Ce récit historique offre l’occasion d’un dépaysement total et donne l’occasion de parler du rapport entre la liberté individuelle et la soumission au groupe. Des valeurs bien mises en opposition ces derniers temps.
À partir des récits des rares survivants, Xavier Dorison a adouci, romancé, coupé. Il a adouci car la réalité des événements est d’une telle cruauté qu’il est quasiment impossible de la mettre en images. Il a romancé en apportant sa patte d’auteur, dramatisé certaines relations, certaines scènes pour donner un rythme au récit. Il a coupé car la matière est si riche qu’il aurait pu faire vingt albums, dit-il.
C’est à Thimothée Montaigne qu’est revenu la tâche de mettre un tel récit en images. Et il réalise des planches d’une splendeur peu commune. Il cadre des vues du navire avec des angles remarquables, joue avec les perspectives, les plongées et autres techniques graphiques. Pour le navire, il a pu s’inspirer d’une réplique qui se trouve près d’Amsterdam. Mais il a voulu en faire un personnage à part entière et le pari est réussi.
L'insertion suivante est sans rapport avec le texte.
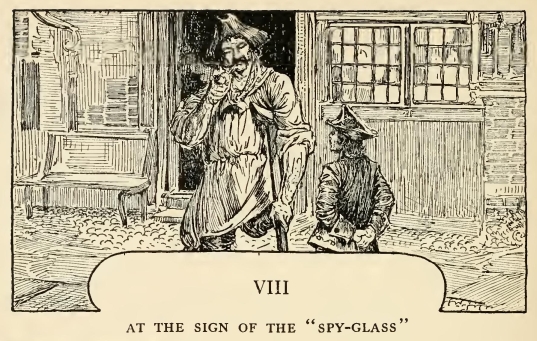 0090m /posts/21/11/images/0090m.jpg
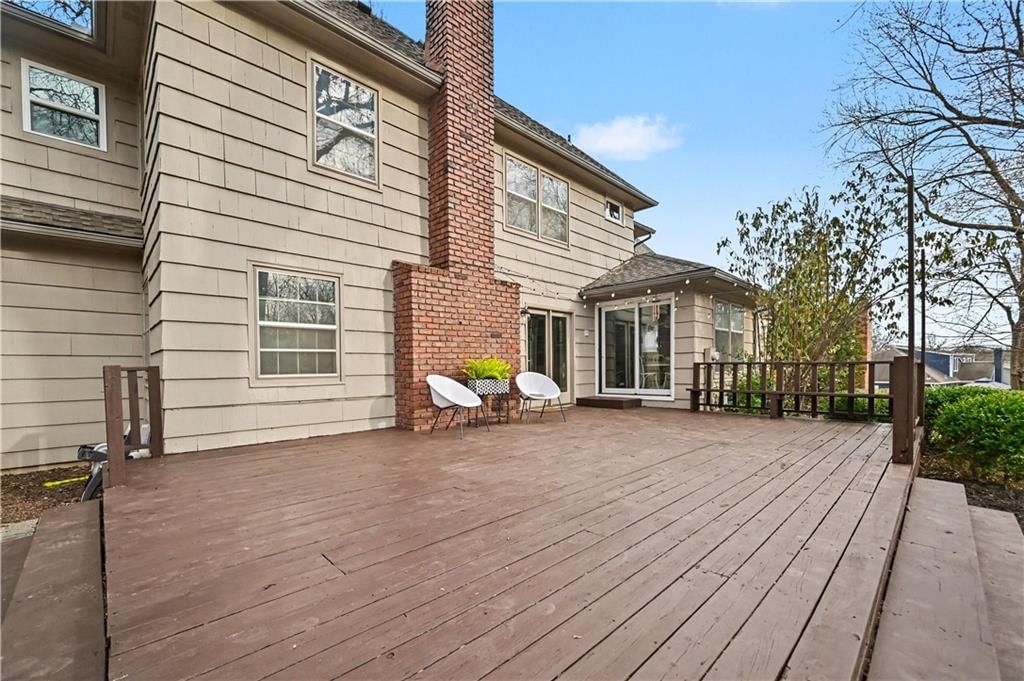 12716 Oakmont Drive — photo 39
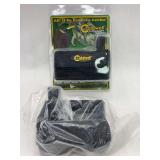 Caldwell AR-15 Pic Rail Brass Catcher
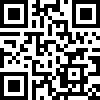 https://isna.ir/xd4QH7
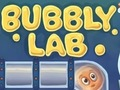 Bubbly Lab 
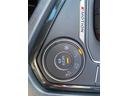 TDI 4モーション ハイライン 純正フルセグナビ ACC 360度カメラ Carplay ETC LEDライト 19インチ純正アルミホイール レザーシート シートヒーター デジタルメーター レーンアシスト パークアシスト(25枚目)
Les tronches des protagonistes sont réalistes et la beauté de Lucretia illumine cet enfer flottant.
Clara Tessier, illustratrice, a été contactée par Thimothée Montaigne car ses touches à l’aquarelle correspondaient à ce qu’il souhaitait pour ses dessins. Et le résultat est époustouflant tant pour la restitution des ambiances que pour la gestion des couleurs.
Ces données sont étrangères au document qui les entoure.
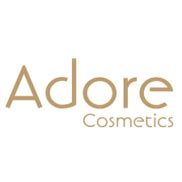 adore cosmetics complaints.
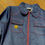 Thumbnail: Deadstock Vintage Jacket | Kids Vintage Denim Jacket | Childrens Vintage Clothing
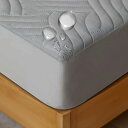 防水ボックスシーツ シングル 防水敷パッド BOX型防水パット 五面防水 防水シーツ 吸水 三層構造 サカサ音“0” おねしょパッド おねしょシーツ 防水パッド...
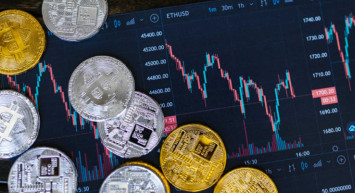 Uzmanından tavsiye: Ethereum 21. yüzyılın finans yapı taşı! Hisse senetlerinden daha iyi performans gösteriyor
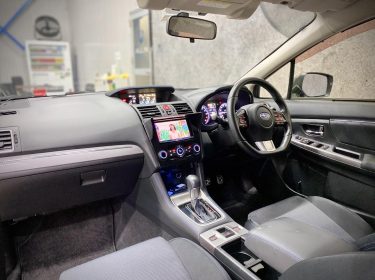 585555460_1434787558654696_4654240084220939237_n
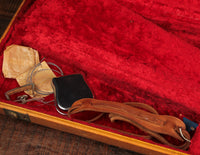 Fender Esquire, Blonde (1956)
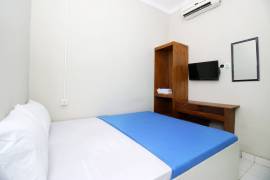 Kost Murah Medang Tangerang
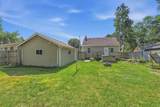 438 Foster Street - Photo 8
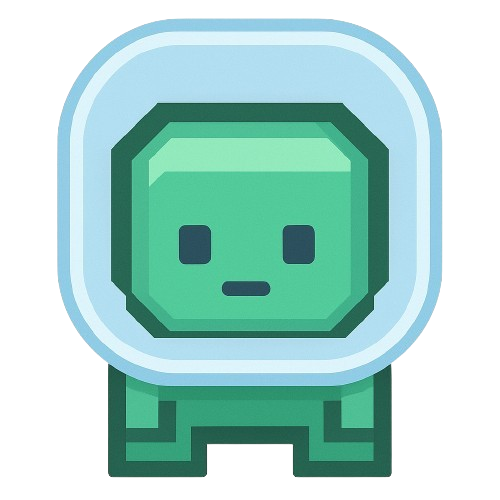 Portfolio Item 2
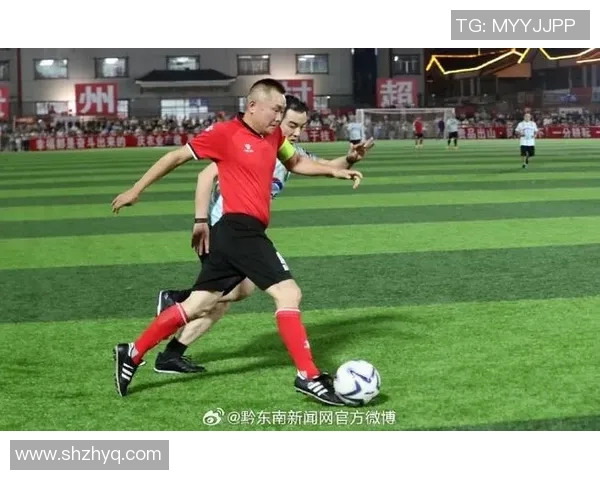 榕江足球十佳球星风采照揭晓 力争突破未来赛场新高峰 榕江足球十佳球星风采照揭晓 力争突破未来赛场新高峰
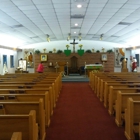 Immaculate Conception Church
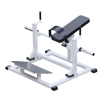 ���������������� ������� �������� ��������� ������ Sabirgym �������� SG059 proven quality - Vasil-Gym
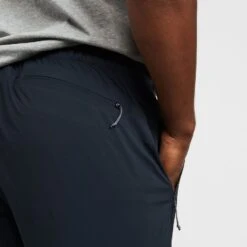 Rab Men's Kinetic 2.0 Waterproof Pant 13 Rab Men's Kinetic 2.0 Waterproof Pant -Rab Sales Store go 471529 e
Un premier tome qui a sa place sous tous les sapins de Noël des amateurs de grande bande dessinée (et des autres également) pour se rappeler jusqu’où l’être humain est capable d’aller en matière de cruauté. C’est un récit épique, dirigé avec la maestria coutumière de Xavier Dorison, magnifié par ces planches à couper le souffle tant elles sont belles.
serge perraud
Xavier Dorison (scénario), Thimothée Montaigne (dessin) & Clara Tessier (couleur), 1629 …où l’effroyable histoire des naufragés du Jakarta, Glénat, coll. “Hors Collection”, novembre 2022, 136 p. — 35,00 €.